Work required -> The records below must be copied in full; omit the images.

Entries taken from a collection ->
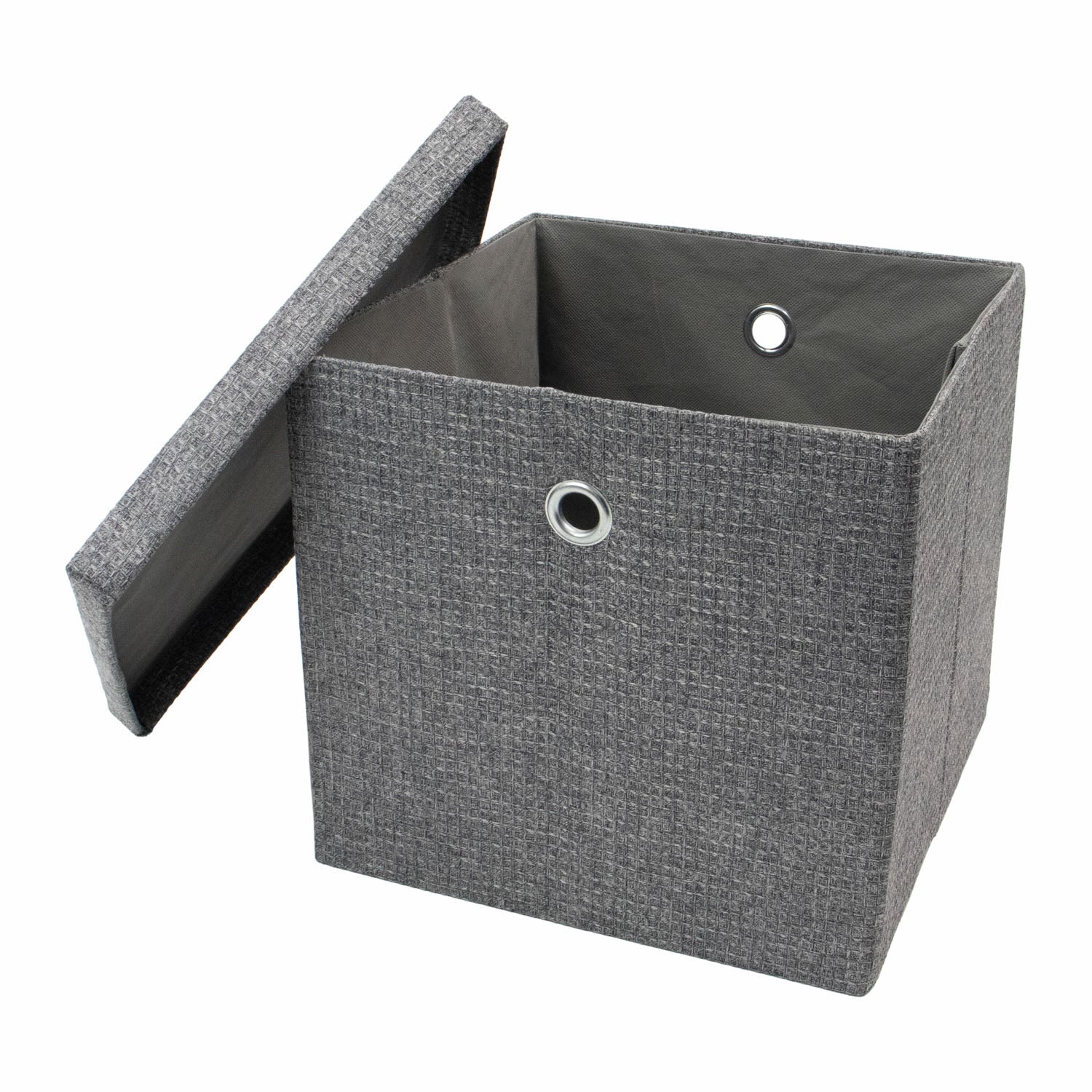 Chroma Foldable Grey Cube Organiser Box with Lid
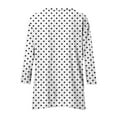 thumbnail image 5 of Blmnix Relaxed Fitted Tops Polka Dot Tunics Teacher Tops for Women White 3/4 Sleeve V-Neck Tops, 5 of 6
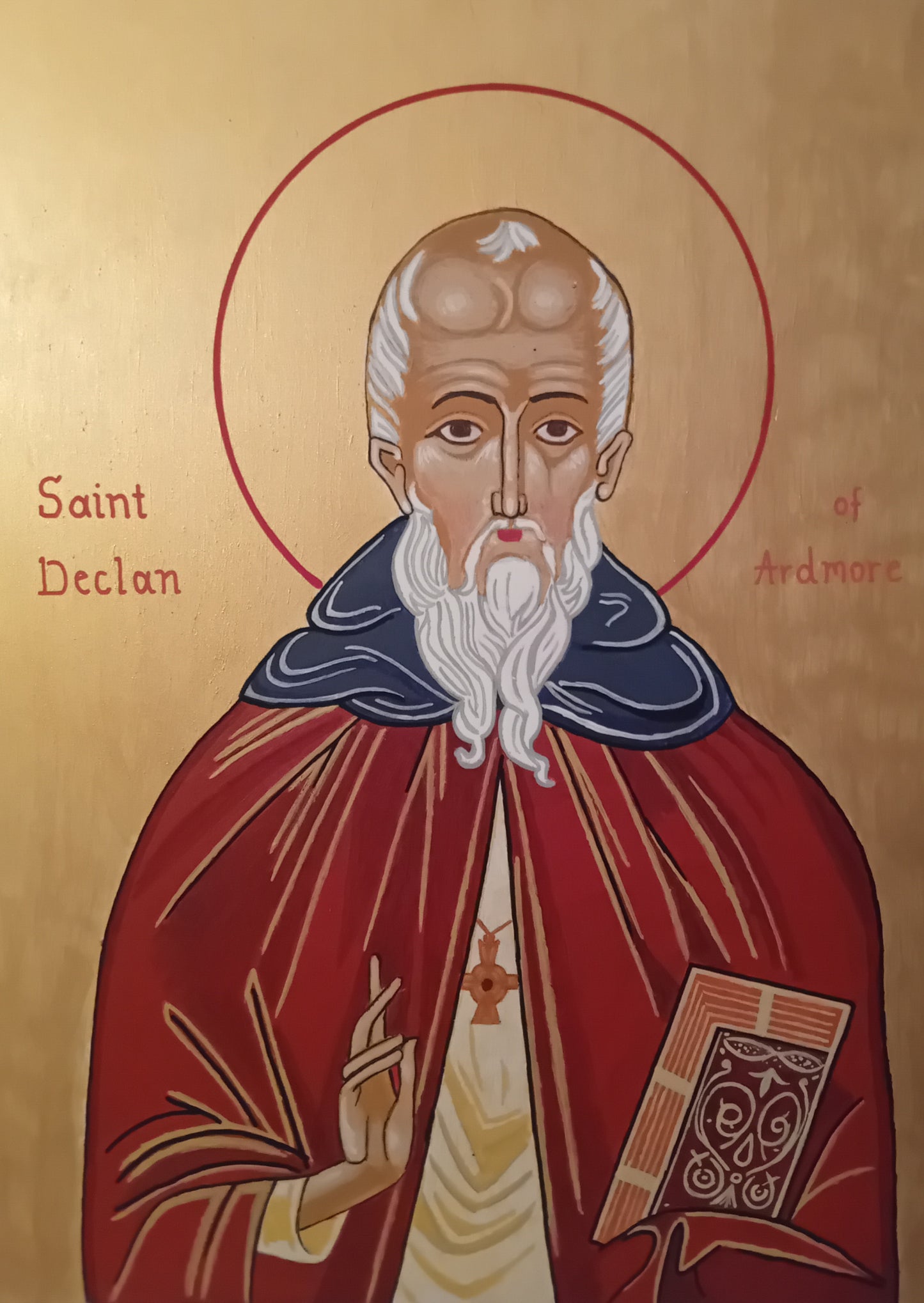 Handpainted catholic religious icon Saint Declan of Ardmore - HandmadeIconsGreece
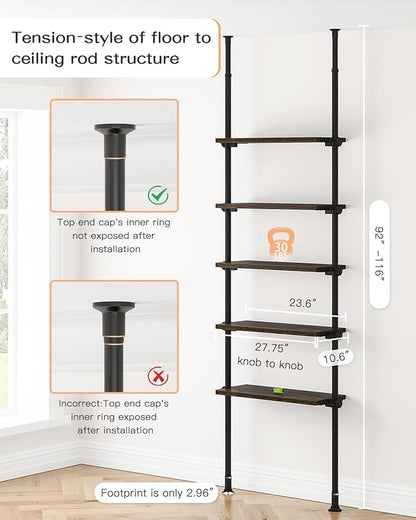 ALLZONE 5 Tiers Narrow Bookshelf, Tall Adjustable Ladder Book Shelf with Open Storage, Floor to Ceiling Tension Mount, Wooden Industrial Bookcase for Living Room, 92 to 116 Inch, Brown - LeafyLoom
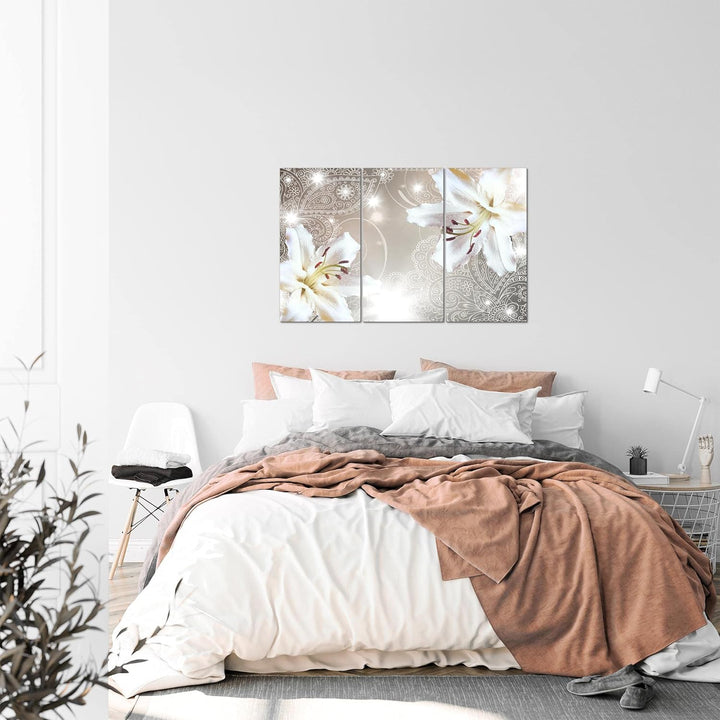 Runa Art Wandbilder Blumen Lilien Bild XXL Wohnzimmer Schlafzimmer Beige Abstrakt 120 x 80 cm 3 Teil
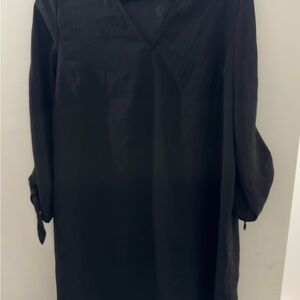 Express Black V-Neck dress with tie sleeves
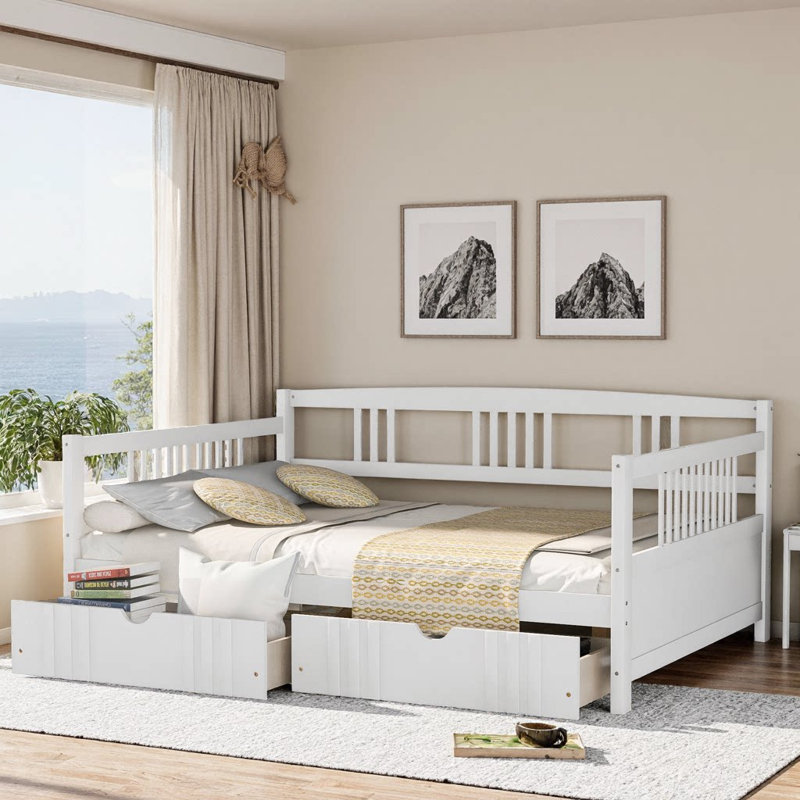 Full Size Espresso Solid Pine Wood Daybed with 2 Storage Drawers - Space-Saving Sleeper Sofa, White, Full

Solution to this problem ->
 Chroma Foldable Grey Cube Organiser Box with Lid
 thumbnail image 5 of Blmnix Relaxed Fitted Tops Polka Dot Tunics Teacher Tops for Women White 3/4 Sleeve V-Neck Tops, 5 of 6
 Handpainted catholic religious icon Saint Declan of Ardmore - HandmadeIconsGreece
 ALLZONE 5 Tiers Narrow Bookshelf, Tall Adjustable Ladder Book Shelf with Open Storage, Floor to Ceiling Tension Mount, Wooden Industrial Bookcase for Living Room, 92 to 116 Inch, Brown - LeafyLoom
 Runa Art Wandbilder Blumen Lilien Bild XXL Wohnzimmer Schlafzimmer Beige Abstrakt 120 x 80 cm 3 Teil
 Express Black V-Neck dress with tie sleeves
 Full Size Espresso Solid Pine Wood Daybed with 2 Storage Drawers - Space-Saving Sleeper Sofa, White, Full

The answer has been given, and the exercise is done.